To fall is a passive, involuntary and uncontrolled event. It happened out of a sudden, spontaneously. It is an un-intentional event. And usually, falling causes pain, terrible result. To fall hence is more an unwanted event than desired happening.

What does that implies when we describe romance as falling in love?

First, then falling in love implies that being in love is a passive, involuntary and uncontrolled event. It happened out of a sudden and spontaneously. We have no time to react to it. We do not want it. Usually it end up with pain (break up), because somehow we fall for another person. We may tell the ex-to-be that, I don’t want it, but I can’t help it either, it just happened, I just fall for him/her, so we have to break up.

Consequently, we will not take initiative; we can’t, since it is uncontrolled event. We cannot resist. And then, when those pain come, we take no responsibility. How can we be held responsible for an involuntary, spontaneous, un-intentional and unwanted event?

Is that love? Is that what true love is?

Love is a verb. It is suppose to be active, voluntary, and controlled event. One is supposed to be able to choose who to and not to love. It should be intentional. He wills to love, he chooses to love, he wants to love, and therefore he loves. He wants to be responsible to and for her life. That means, to love someone is a choice, a decision, a commitment. Affection may be part of the elements, but it is not the deciding factor. One can still choose to love another, to determine to care for another person without feeling, even in spite of feeling (bad feeling).




Reflections:
1.  Is a relationship as important as love or romance or marriage (!) consistent with the idea of falling?
2.  How do you define love? How this definition is affecting your relationship and how you view relationship? 

Wednesday, November 26, 2014

Cool friend… aye?

Whoever walks with the wise becomes wise, but the companion of fools will suffer harm. 
Proverbs 13:20

“Although he smokes, he always treats me with respect.”

“Yeah, they go to bar, they take weeds, they like to drink and get drunk, but they never force me to do any of that, but never force me to do so. So they are not really bad, right?”

We always think of friends this way: as long as they allow me to do what I want to do, it is alright for me to hang out with them, even if they engage in bad habits like smoking or drinking, skipping class, etc.

As long as I can still be myself, ain’t do me any harm, can it?

Really?

That’s a man in the bible, name Lot. Bible says that he is godly man, he fears God. Although he lives in an ungodly city, a sinful city, a city that would demand him to take out the man, who by chance comes to his house as guest, to let them sexually abuse him (they are all man! Of various age groups!), he never agrees and engages in their activities.

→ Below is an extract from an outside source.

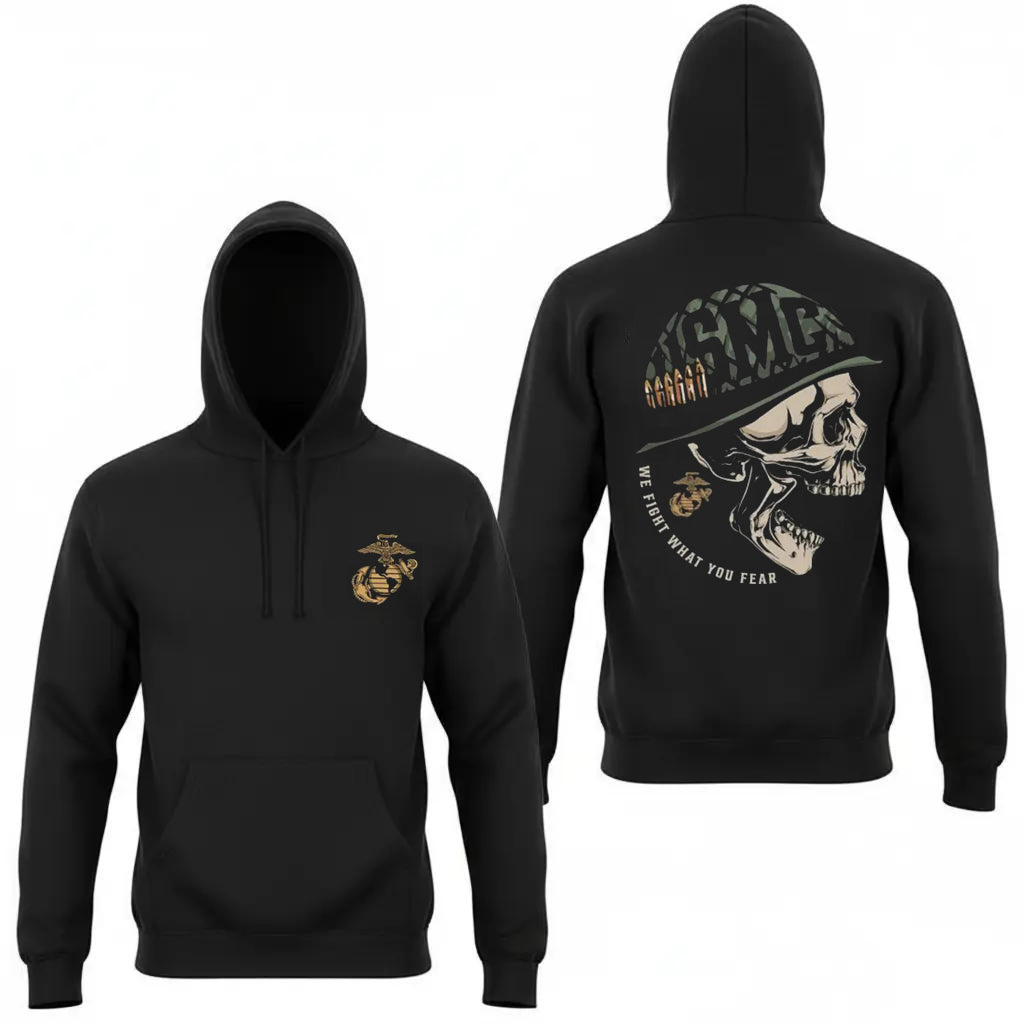 USMC "We Fight What You Fear" Unisex T-Shirt/Hoodie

But do you know he did? When they demand of that guest for their lustful pleasure, he proposed to them his two virgin daughters. How would you feel if you are one of the two young ladies?
Later on, God decided to destroy the city for good because of their wickedness. Lot reluctant to leaves, he was too used to the city; there lies his family, his properties, how could he just leaves everything behind and go to another city empty handed? But God delivered him by force, his wife turned salt pillar for looking back at the city. His two daughters, when taking refuge in a cave with their old man, decided to make him drunk and sleep with him and get pregnant from him.

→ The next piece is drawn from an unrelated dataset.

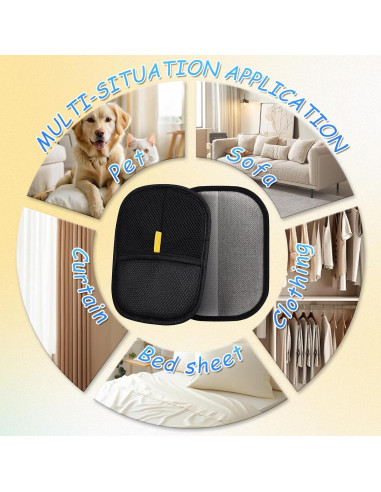 Guantes Reutilizables para Eliminar Pelo de Mascotas Tivora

Crazy huh? But hey, don’t you see what friends can do to you?

Though these people were good to Lot, they allow him to live in the city, to have properties, to allow their children to marry with him, even though he was sojourner among them, but ultimately what they cause him? On the surface level, his physically properties. More than that, they actually influence him to compromise to do what is right, what really pleases God. Although he cared for their souls, he prayed for them, he mourned for their wickedness, (2 Peter 2:6-8)  but he still lives among them, for their lands is well for his flocks, his business, his material success.


Reflections:
1. How do you choose friends? Are those tag line sounds familiar to you?
2. Can you recall or heard or encounter someone who live a godly life, become a successful person to the society and the world by constant dwelling among bad companions?
3. Can you think of a person whose life was ruined or influenced toward negative direction by bad friends?
4. What are the real reasons you choose friends like these? Is it because you want to influence them, so that their life can be changed for better, or for your own selfishness, because you are ‘respected, honored’ among them?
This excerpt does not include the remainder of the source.